Morello says that the secret to technique is relaxation. "It's a matter of natural body movement," he explains. "When your hand is relaxed, your thumb isn't squeezing against your first finger and your wrist isn't at some funny angle. The stick just rests in the hand in a very natural position. When you strike a practice pad, you should be able to hear the ring of the wood stick. The average person chokes the stick, and that comes through on the drum. The whole thing is relaxation and letting the sticks do most of the work.
"Technique is only a means to an end," Morello stresses. "The more control you have of the instrument, the more confidence you will get and the more you will be able to express your ideas. But just for technique alone - just to see how fast you can play so you can machine-gun everybody to death - that doesn't make any sense. Technique is only good if you can use it musically."
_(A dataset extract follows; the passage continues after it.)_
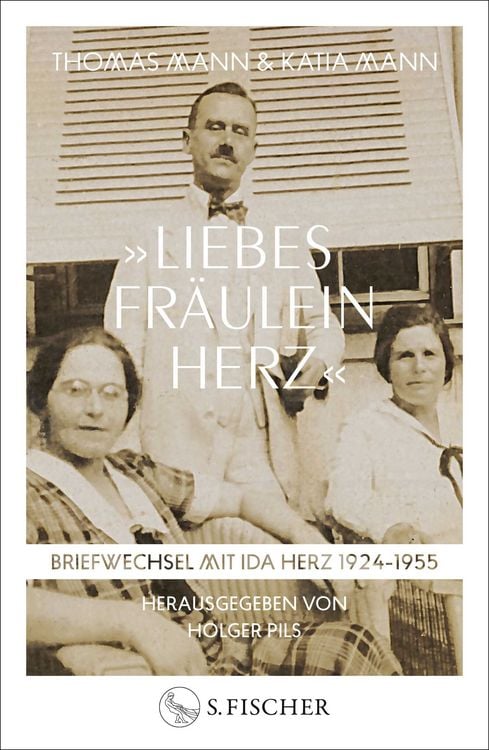 Produktbild: &raquo;Liebes Fr&auml;ulein Herz&laquo;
Throughout his career, Joe Morello has embodied that ideal to the fullest, achieving renown for both his technique and his musicality, and inspiring generations of players through the example he has set of always striving for excellence.
"I'm sure there are people who disagree with my playing," he says, "and there are some who think I'm the greatest thing that ever happened. That's what is so great about this art form. It would be awfully boring if everyone played the same. You would only have to own one record.
"I've heard people say, ‘This drummer swings more than that one.' I think ‘swing' and ‘feel' are individual things. There is not just one way to swing. It's a feeling that comes from within that you project through the drums.
"I'm not the end-all and know-all of the drums. There's a lot out there I don't know, but I'm trying to do the best I can. The main thing is to be original."